А оставшиеся два дня короткого отпуска потратил на изыскания вокруг сгоревшей церкви. Ее по пьянке спалили в семидесятом году мои ровесники. Еще железо крыши кое-где хрустело под ногой. Стяжки кованые торчали из земли. Остальное все вместе с дымом в небо ушло.
С топором прорубаясь в кустарнике, как в джунглях, я исследовал весь старый дореволюционный погост и насчитал более тысячи могил. А сколько еще за четыре века сравнялись с землей.

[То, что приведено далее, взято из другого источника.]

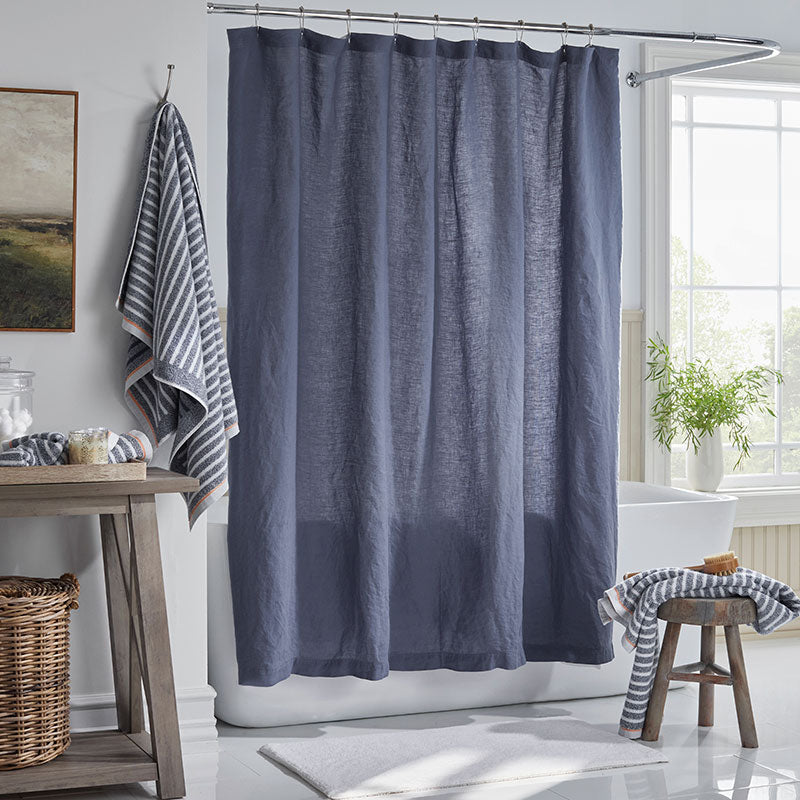 Premium Breathable Washed Linen Solid Shower Curtain - Denim Blue,Denim Blue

Сел отдохнуть на поваленное дерево. И тут встала передо мной советская сотня слева, и русская тысяча справа. И понял я, что справа — это всё. А то, что слева, — почти ничего. Один к десяти, а то и пятидесяти. И когда как бы в ответ на мои измышления гул поднялся справа и слева, то и гул многовековой тоже пересилил семидесятилетний, накрыл меня своим хором, принудил внимать своему древнему смыслу. Так что с тех пор я только эти смыслы и слышу. И не только я. Все мои живые деревенские земляки тоже, волей-неволей, за десять последних лет наполнились этими смыслами. Хотели того или нет, а оборотились в старопрежних. Зажили жизнью тысячелетней давности. Вытащили из кладовых своих русских душ фундаментальные качества: личная свобода земледельца, предприимчивость крестьянина, самодостаточность. А кто не обнаружил всего этого природного в себе, растерял или презрел в гордыне, того и воскресение минуло, пропал человек духом и телом, сгинул. А и поделом отступнику.

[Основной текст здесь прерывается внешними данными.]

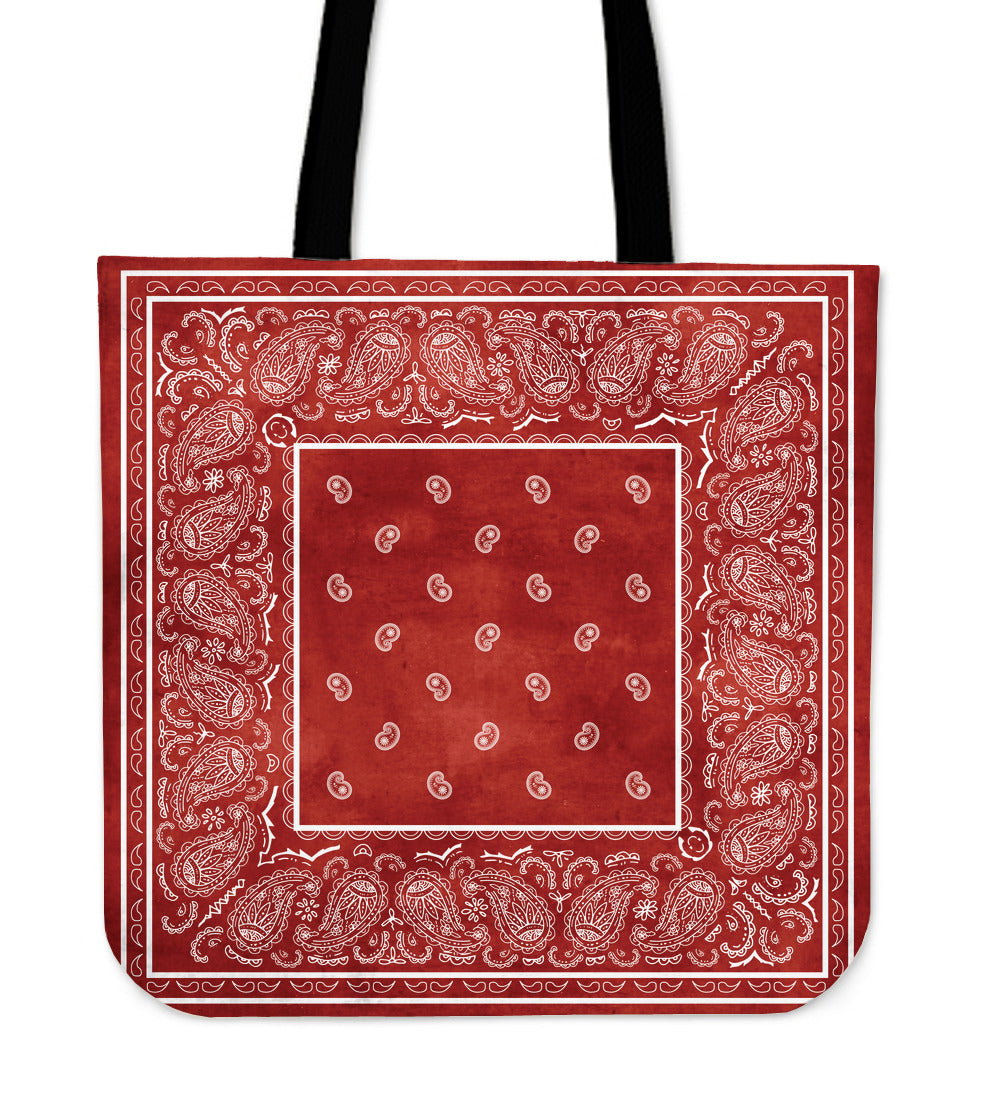 red and white bandana tote bag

Так немилосердно думал я, сидя в чащобе старого погоста. Думал, вот могилы поросли ольхой, забыты, в противовес чему древний национальный характер воспрянул в живых, освежил в них генную информацию времен Рюрика.
На пятачке моей Пахомовской волости это видно отчетливо.
Стоял я на холме, на церковном пепелище, глядел на долину и вдали, на опушке, разбирал очертания белого кирпичного дома фермера Красова. За излучиной реки — хозяйство однодворки Любы. У подножья холма — контора крестьянского товарищества на вере. Сокращенно ТНВ. Еще десяток крепких единоличных хозяйств были на виду.
Советское время, конечно тоже, присутствует в общем строе сегодняшней деревенской жизни. Утром встать и неспешно пойти "на развод" — это святое. Именно не на работу, а на развод. На мужицкие посиделки в закопченном гараже. Сладок этот час для бывших совхозных рабочих. Тут и молодость вспомнишь, и новости узнаешь. Препирательства с бригадиром или председателем товарищества тоже входят в обязательную программу. Он бригадиру: электроды кончились. В ответ: засверли и склепай. Пускач не фурычит. А ты его кривым стартером. В овраге воды по горло. А ты доску кинь — вот и перелаз. А ну как сверзнусь? Я тебе тогда сто граммов налью. Давай сейчас, авансом...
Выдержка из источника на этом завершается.